Sarka raced back to the room of the Master Beryl as a strident humming came through to him.
* * * * *
The Spokesmen of the Gens whose borders touched those of the devasted Dalis area, were reporting again, and their voices were high pitched with fear that threatened to break the bounds of sanity.
"The ferment in the devasted area," was the gist of their report, "is assuming myriads of shapes! The fused mass has broken up into isolated masses, and each mass of itself is assuming one of the many forms!"
"What forms?" snapped Sarka. "Quickly!"
"Cubes! Thousands and millions of cubes, and the cubes themselves are forming into larger cubes, some square, some rectangular! In the midst of these formations are others, mostly columnar, each column consisting of cubes which have coalesced into the larger form from the same small cubes!

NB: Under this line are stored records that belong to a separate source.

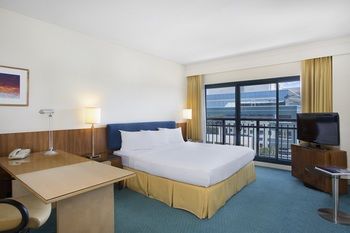 Courtyard By Marriott Sydney-North Ryde - Tourism Caloundra 26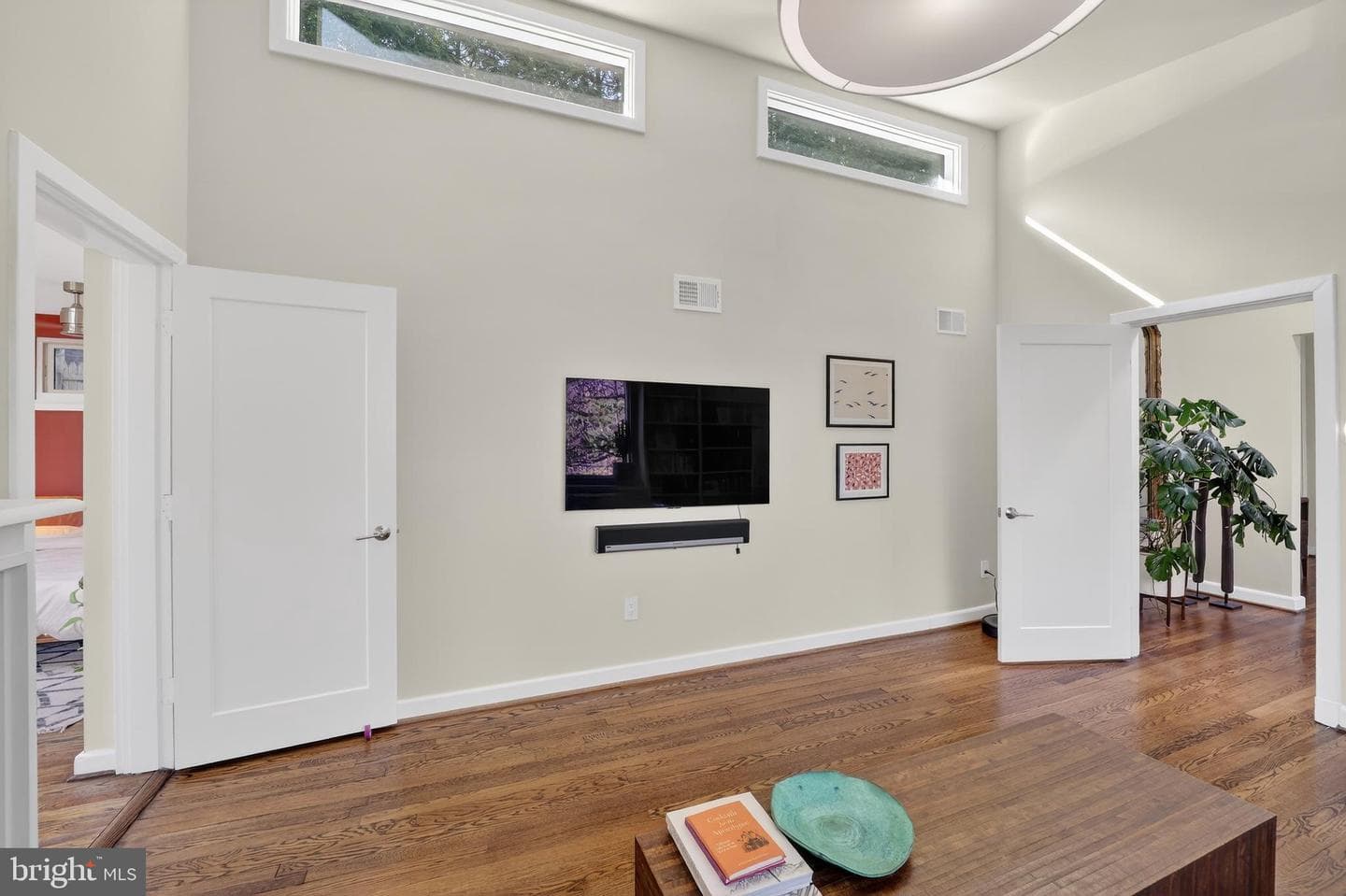 3238 Rodman Street NW photo 9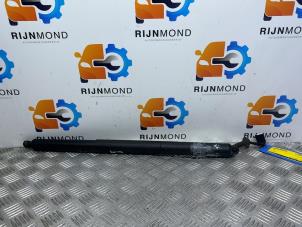 Używane Amortyzator gazowy lewy tyl BMW X1 (F48) xDrive 20d 2.0 16V Cena na żądanie oferowane przez Autodemontage Rijnmond BV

The columnar formations are topped by globes which emit an ethereal radiance!"
"Listen!" Sarka's voice was vibrant with excitement. "Spokesmen of the Gens, make sure that every individual member of your Gens is fully equipped with flying clothing including belts and ovoids--prepared for an indefinite stay outside on the roof of the world! Get your people out swiftly, keeping them in formation! Keep about you those people of Dalis whom I sent you, and understand before you break contact with your Beryls, that instructions received from these people come from me! In turn, after you have quitted the hives, anything you wish to say to me you can repeat to any one of the glowing people of Dalis!"
The contacts were broken. Sarka stared into the Beryl, glancing swiftly in all directions, to see whether his orders were obeyed.
Out of the myriads of hives were flying the people of all the Gens of Earth, their vast numbers already darkening the roof of the world. The advance fires from Mars seemed to have no effect on them, which Sarka had expected, since the fires seemed to consume nothing they had touched previously.